TBB is not organized for pecuniary profit or for the benefit of an individual or for-profit entity and shall not have authority to issue capital stock. No part of the net earnings of TBB shall inure to the benefit of, or be distributable to, its Directors, Officers, employees, members or other private persons, except that TBB shall be authorized and empowered to pay reasonable compensation for services rendered and to make payments and charitable distributions in furtherance of the purposes set forth herein.

 

ARTICLE XIII: WAIVER OF NOTICE

 

Whenever any notice whatsoever is required to be given under the provisions of the Act, TBB’s Articles of Incorporation, or these Bylaws, a waiver thereof in writing signed by the person or persons entitled to such notice, whether before or after the time stated therein, shall be deemed equitant to the giving of such notice. Attendance at a meeting shall constitute a waiver of notice of such meeting, except where the person attends such meeting with the express purpose of objecting to the transaction of any business because the meeting was not lawfully called, posted or published.

 

ARTICLE XIV: DECLARATION OF POLICY

 

Responsibility and authority for any declaration of TBB policy, and/or endorsement, and/or rejection of any matter on any subject of policy, is reserved to the judgment and discretion of the Board. Members of committees, or other subdivisions of TBB, are not authorized directly or indirectly to commit TBB in any way or in any manner, financially or otherwise, without prior approval by the Board, except as specified in the approved budget or in specific resolutions of the Board.

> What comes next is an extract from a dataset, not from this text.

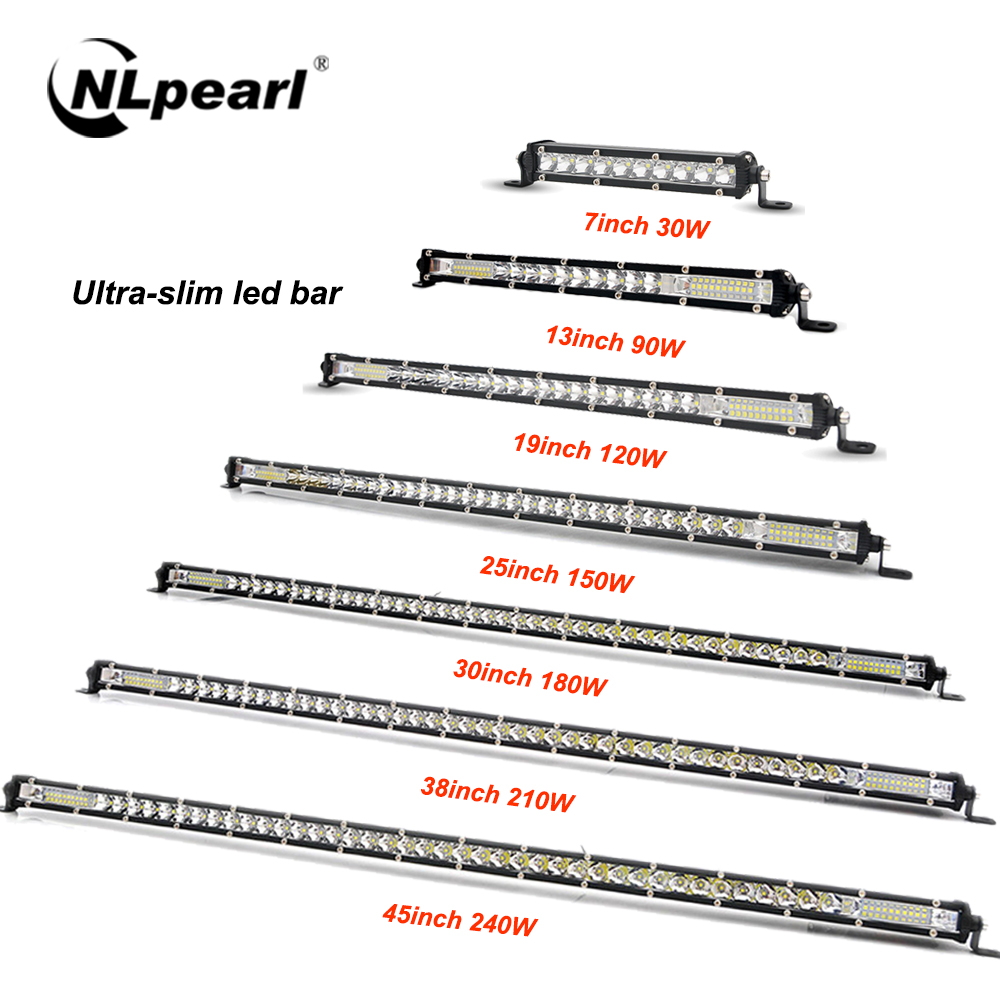 NLpearl ウルトラスリム 7-50 インチ LED ライトバースポットオフロード 4x4 LED ワークライトバージープトラック ATV SUV 車 LED ヘッドライト 12V 24V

The Board, except as herein otherwise provided, shall have control of the affairs of TBB, including all matters relating to the acquisition, holding, management, control, investment and disposition of the funds and other property of TBB.

 

ARTICLE XV: OTHER GOVERNANCE DOCUMENTS

 

These Bylaws, including all amendments hereto, shall at all times be in conformance with and subservient to the  Articles of Incorporation of TBB. Any conflict or ambiguity with respect to these Bylaws and the Articles of Incorporation shall be resolved in favor of and with reference to the Articles of Incorporation, as the case may be.

 

ARTICLE XVI: GOVERNING LAW

 

All questions with respect to the construction of these Bylaws shall be determined in accordance with the applicable provisions of the laws of the State of Michigan.

 

ARTICLE XVII: SEVERABILITY

 

All provisions of these Bylaws are severable. If any provision or portion thereof is determined to be unenforceable in arbitration or by a court of competent jurisdiction, then the remainder of the Bylaws shall remain in full force and effect.

 

Adopted at the organizational meeting of the Board of Directors this  7th day of July, 2021.